By “broadly construed” I mean to include capabilities like efficient prediction, semi-supervised learning, and density estimation. These areas capture many capabilities that people have in mind when they discuss unsupervised learning. But in terms of their relevance to AI control, they are quite similar to supervised learning, and they certainly fit within the more specific framework in the last paragraph.

In contrast, researchers often express the hope that sophisticated AI systems will discover many of the same robust concepts that humans use when they reason about the world, and that these concepts will be sufficiently precise, and in the right format, and sufficiently aligned with the human concepts, that they can be used directly to issue commands or specify goals.

My recommendation is to treat future capabilities as being similar-in-kind to contemporary reinforcement learning, though applying in broader domains and with more efficient use of data, rather than making optimistic and somewhat vague assumptions about what unsupervised learning will do for us.


My reasons for focusing on reinforcement/supervised learning are:


To clarify:

An example of the distinction

Suppose that we train a learner to recognize which scenes contain humans.

In order to analyze how the behavior of this system will scale, I would think in detail about the training process, the objective it is optimizing, and what behaviors would optimize that objective.

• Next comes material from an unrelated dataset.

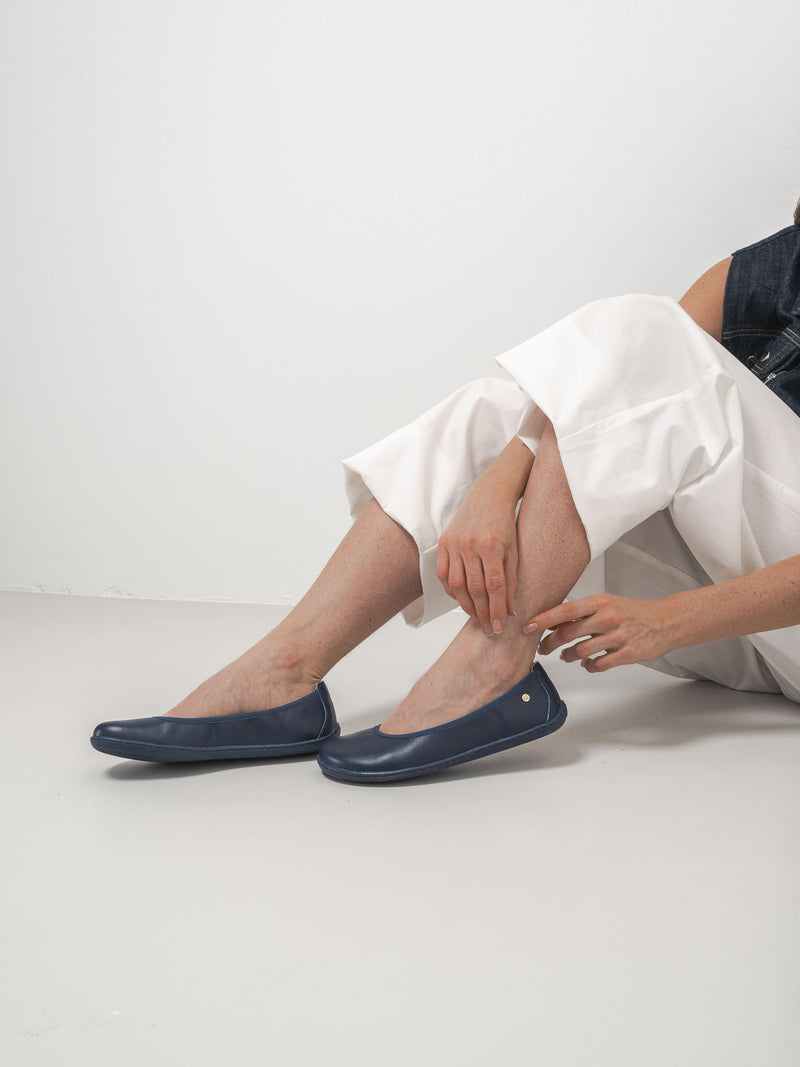 Load image into Gallery viewer, Ballet Flats Be Lenka Sophelia - Navy Blue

For example, if the system is trained to reproduce human labels, then I expect more sophisticated systems to converge to the human’s labels.

We might hope that in the future an unsupervised approach would learn to identify which scenes “really” contained humans, and could make correct judgments even in cases where the human would err or in domains where we couldn’t actually elicit a human label.

I would recommend against making this kind assumption until we have learned more about unsupervised learning.

This discussion becomes more complex and important when we think about messier concepts like “good” or “what Hugh wants.” It is relatively clear what the reinforcement model predicts — powerful AI systems will make increasingly accurate predictions about how a human labeler would label the given data. It’s not clear exactly what the unsupervised approach would do, and I think that we shouldn’t count on it doing something that is “good.”

The current situation

Very few people have thought seriously about how to handle AI control if reinforcement learning remains as dominant as it currently is; I think that few people are optimistic enough to think that the task is possible and pessimistic enough to think that it may be necessary.

When I’ve discussed the issue with AI researchers, they seem to have strong expectations that progress in unsupervised learning will obviate many of the concerns with AI control for reinforcement learning (and with AI control more broadly), allowing users to e.g. provide natural language instructions that will be correctly understood and implemented. I think this is a very reasonable hypothesis, and that the views of AI researchers are an important source of evidence for it.

But I’m not yet persuaded that this is much more likely than not. I also don’t think that most AI researchers have considered the question in much detail or engaged with substantive arguments that these problems are real. I’m not even sure that they think that this optimistic hypothesis is much more likely than not, rather than considering it the dominant hypothesis or most promising approach.

MIRI researchers mostly seem to take the opposite view — that unsupervised learning definitely won’t address these problems by default. But the MIRI research agenda responds by focusing on a number of problems they see as needed to make unsupervised learning work for goal specification—ontology identification, multi-level world models, ambiguity identification and operator modeling. I think most MIRI researchers feel that we are probably doomed if we are stuck with the kind of reinforcement learning that is available today. (This is my unconfirmed impression based on informal discussions.)


Unsupervised learning will probably improve significantly before AI control becomes a serious problem. Nevertheless, I think that researchers interested in AI control should focus on handling reinforcement learning systems of the kind that already exist.